Because of the high level of microscopic detail that can be achieved by a master engraver, counterfeiting of engraved designs is almost impossible, and modern banknotes are almost always engraved, as are plates for printing money, checks, bonds and other security-sensitive papers. The engraving is so fine that a normal printer cannot recreate the detail of hand-engraved images, nor can it be scanned. At the United States Bureau of Engraving and Printing, more than one hand engraver will work on the same plate, making it nearly impossible for one person to duplicate all the engraving on a particular banknote or document.
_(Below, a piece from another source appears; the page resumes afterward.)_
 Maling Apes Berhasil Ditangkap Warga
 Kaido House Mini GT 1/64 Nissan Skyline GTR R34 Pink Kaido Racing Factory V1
The modern discipline of hand engraving, as it is called in a metalworking context, survives largely in a few specialized fields. The highest levels of the art are found on firearms and other metal weaponry, jewellery, silverware and musical instruments.

In most commercial markets today, hand engraving has been replaced with milling using CNC engraving or milling machines. Still, there are certain applications where use of hand engraving tools cannot be replaced.

===Machine engraving===
In some instances, images or designs can be transferred to metal surfaces via mechanical process. One such process is roll stamping or roller-die engraving. In this process, a hardened image die is pressed against the destination surface using extreme pressure to impart the image. In the 1800s pistol cylinders were often decorated via this process to impart a continuous scene around the surface.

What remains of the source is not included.